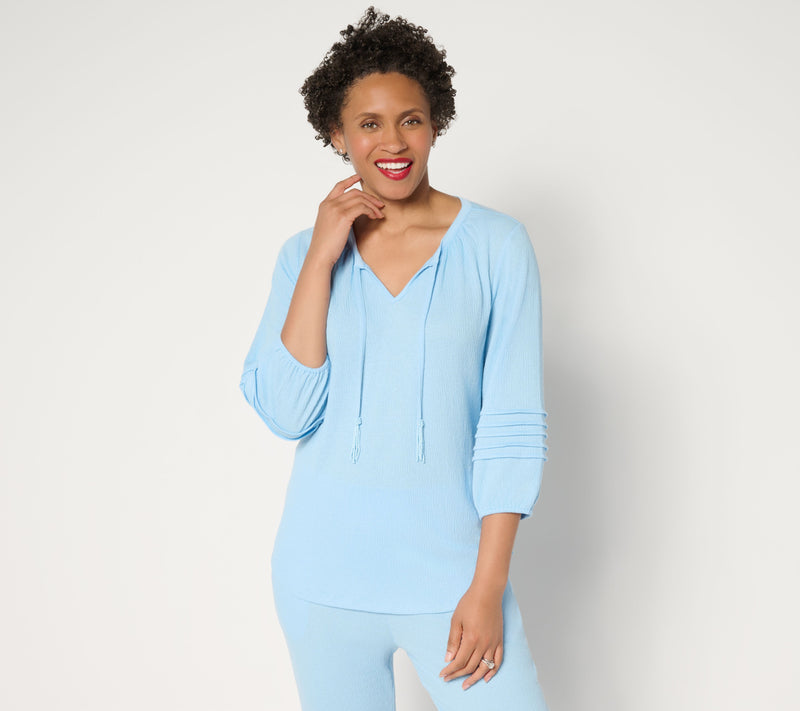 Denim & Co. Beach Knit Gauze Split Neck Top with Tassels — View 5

==

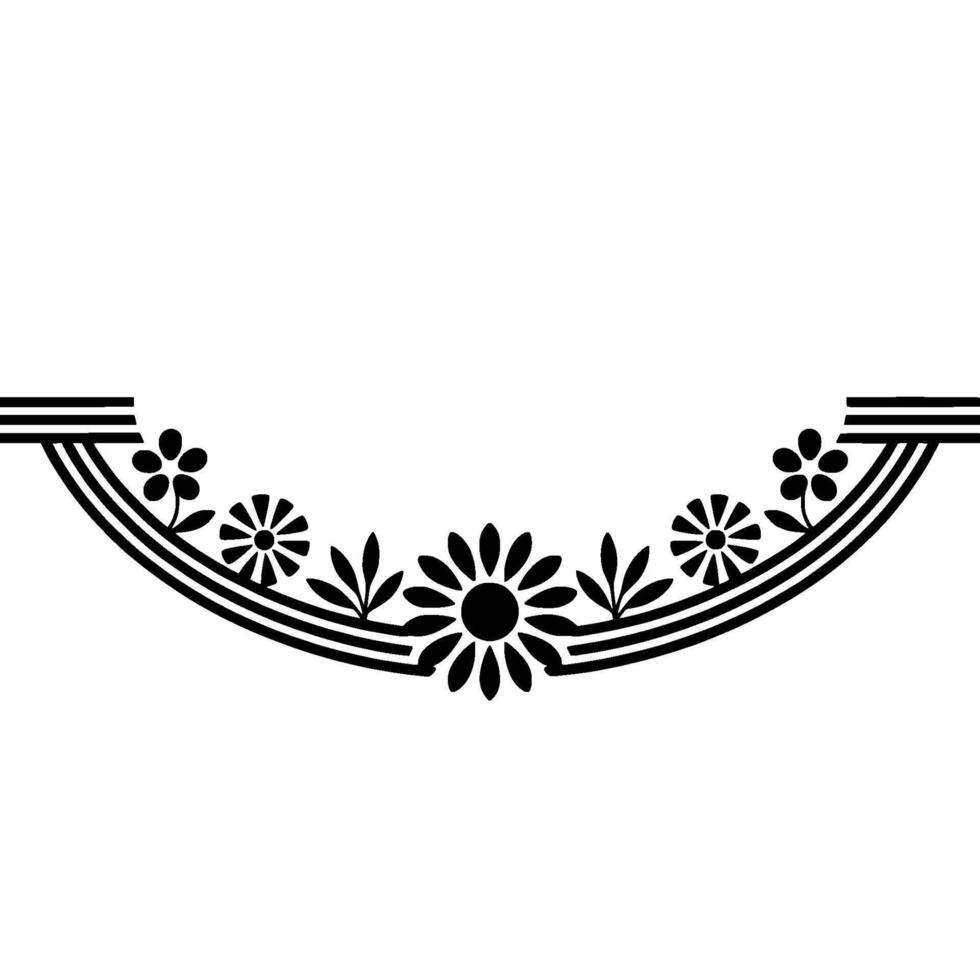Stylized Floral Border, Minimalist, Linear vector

==

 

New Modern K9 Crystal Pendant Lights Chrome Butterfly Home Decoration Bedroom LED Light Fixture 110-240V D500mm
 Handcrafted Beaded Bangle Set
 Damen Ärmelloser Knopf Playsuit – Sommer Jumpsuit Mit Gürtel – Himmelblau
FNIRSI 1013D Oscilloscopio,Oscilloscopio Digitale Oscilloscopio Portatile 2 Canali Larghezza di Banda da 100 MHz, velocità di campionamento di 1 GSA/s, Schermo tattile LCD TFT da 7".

Problem statement:
Could you retype exactly the lines above, starting at the line that contains "Handcrafted Beaded Bangle Set" and ending at the line that contains "FNIRSI 1013D Oscilloscopio,Oscilloscopio", and nothing more?

Response to this exercise:
 Handcrafted Beaded Bangle Set
 Damen Ärmelloser Knopf Playsuit – Sommer Jumpsuit Mit Gürtel – Himmelblau
FNIRSI 1013D Oscilloscopio,Oscilloscopio Digitale Oscilloscopio Portatile 2 Canali Larghezza di Banda da 100 MHz, velocità di campionamento di 1 GSA/s, Schermo tattile LCD TFT da 7".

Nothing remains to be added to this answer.